Postby Magnus Anderson » Mon Jan 06, 2020 2:28 am

Silhouette wrote:You use "taking it literally" as though it's a bad thing. Math isn't some metaphorical mysticism you know?


When James uses \(0.000\dotso1\) to represent the difference between \(0.999\dotso\) and \(1\) he's not saying there is an infinite number of 0s that are followed by 1. There is no 1 at the end of those 0s. But Ecmandu thinks there is because he's not bothering to understand what James is trying to say.

For omnipresence it's obvious that "being" literally everywhere literally makes it impossible for "being" to be shared with another being - there's no room.


Depends on what is meant by the word "omnipresence". If to be omnipresent means to occupy the entire universe such that there is no room for anything else, then yes, there can only be one omnipresent being. But I am not really sure that's what the word means. Either way, the word "infinite" does not imply what Ecmandu thinks it implies. If there is a train made out of an infinite number of wagons, it does not mean there can't be a similar train somewhere else. Not according to the standard definition of the word "infinite". You can work with your own definitions, of course, but if you do, please understand that other people might not be working with the same definitions.

The same goes for what I was calling "true" Infinity in a post that you've completely ignored.


There are no finite bounds to "true" Infinity to allow the placement of "another infinity" next to it for the purposes of comparison of e.g. "size", because there are no bounds to "true" Infinity to be "next to".


Hard to see how any of this is relevant.

i) The sense in which this set is "infinite" is the sense in which the addition of more 1s does not end.
ii) However, the progression starts from "1" so it does end if you follow it backwards - and in that sense the qualification of "infinite" is thrown into question.

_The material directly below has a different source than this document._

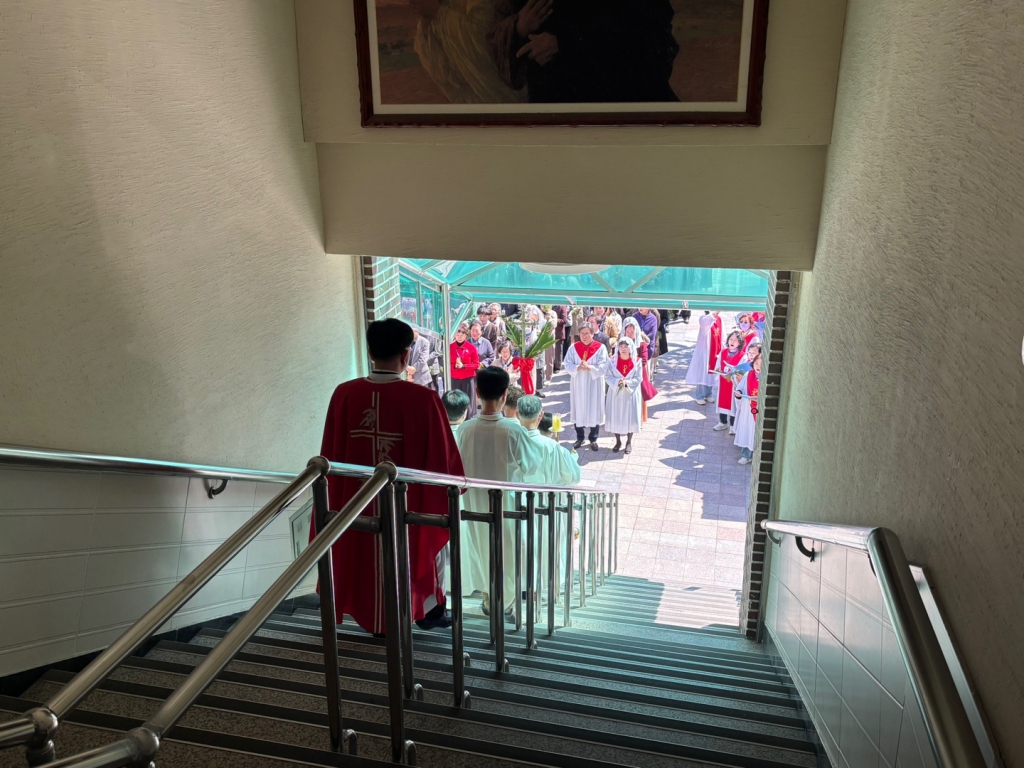 KakaoTalk_20250416_202318143_05 (1).jpg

This is very hard to understand. What is it that you're saying? Are you saying that the set of natural numbers is not infinite because it has a beginning i.e. becuase there is a first number? First of all, the set of natural number is a set, not a sequence, which means its elements are not ordered i.e. there is no first element. We can list its elements any way we want. We normally start with number 1 but we can actually start with any other number. There is also no "backward" listing of elements. They are always listed in one direction and this direction is always infinite when it comes to infinite sets.

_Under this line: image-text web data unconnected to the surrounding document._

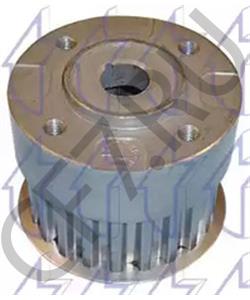 051574 ARECA F 7012 5W30 (4L) масло моторное! синт.\ HYUNDAI/KIA API SN-RC, ILSAC GF-5 в городе Екатеринбург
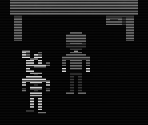 Glitch Minigames - Five Nights at Candy's 3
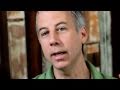 John Vanderslice Interview at Tiny Telephone - One Night Music #41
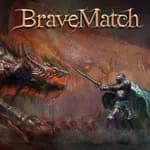 BraveMatch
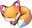 ChibiFox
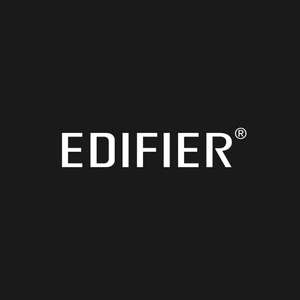 10% zniżki na stronie Edifier
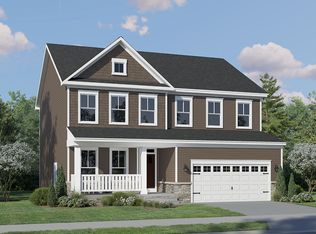 3423 Moonstone Dr, Richmond, VA 23223
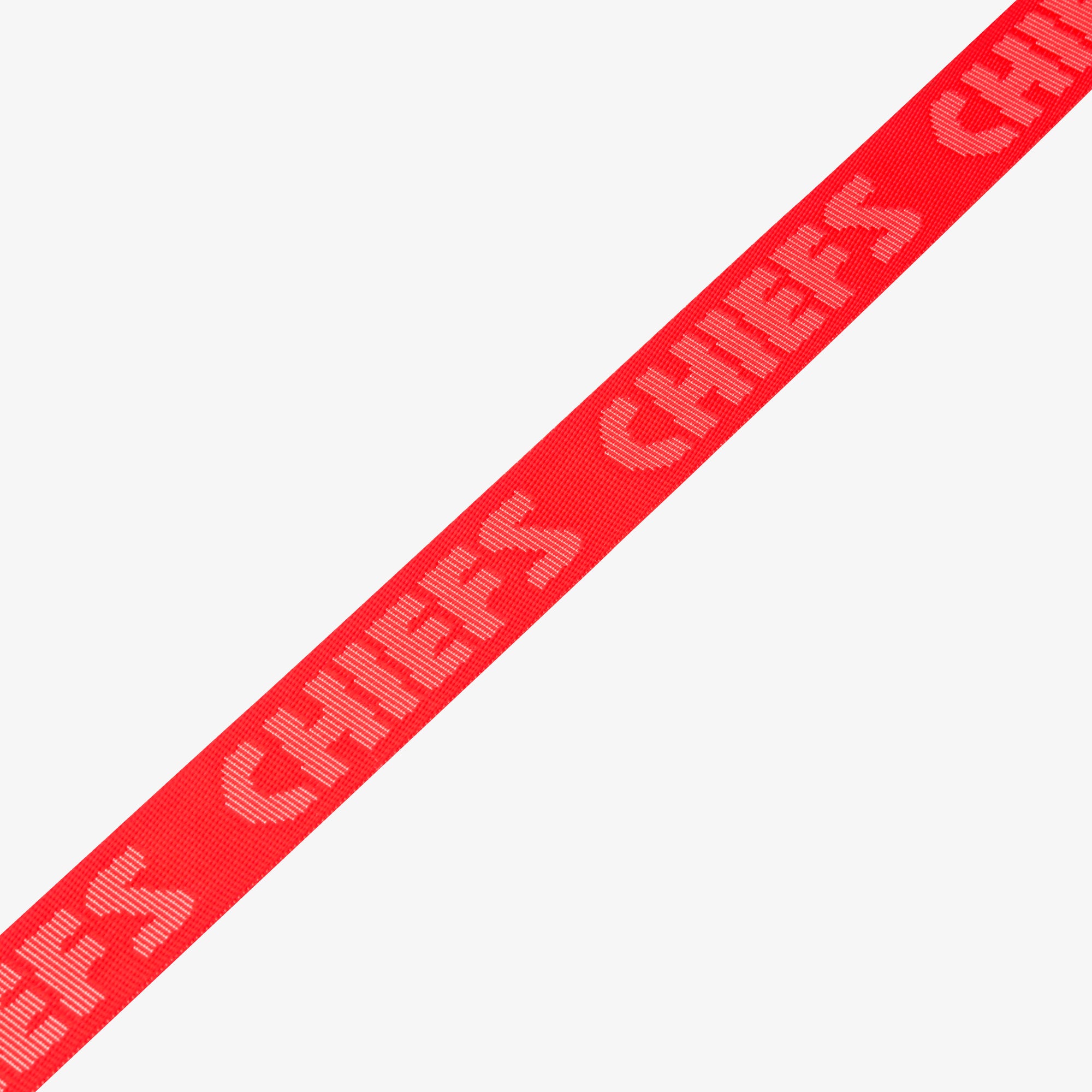 Chiefs_PDPStraps_V2.jpg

Now take the numerical progression of subtracting "1" from the "starting end" of the natural numbers an infinite number of times.
This completes the set of integers, \(\Bbb{Z}\)
The sense in which this set is "infinite" is now bi-directional, but still only along 1 dimension.


You're treating the set of integers as if it were a sequence of integers. It is not.

"Camp 2" points out that the idea that this extension has been bolted onto the "starting end" of an "infinite" set is a contradiction in terms.


This is why I'm with camp 2, because this "true" Infinity really stays true to its definition and derivation by really being endless/really having no ends.
By contrast, camp 1 seems more lazy in attributing "infinity" to sets in only a finite number of respects, thus allowing "infinite" sets to have cardinality/sizes contrary to what "infinity" itself actually means.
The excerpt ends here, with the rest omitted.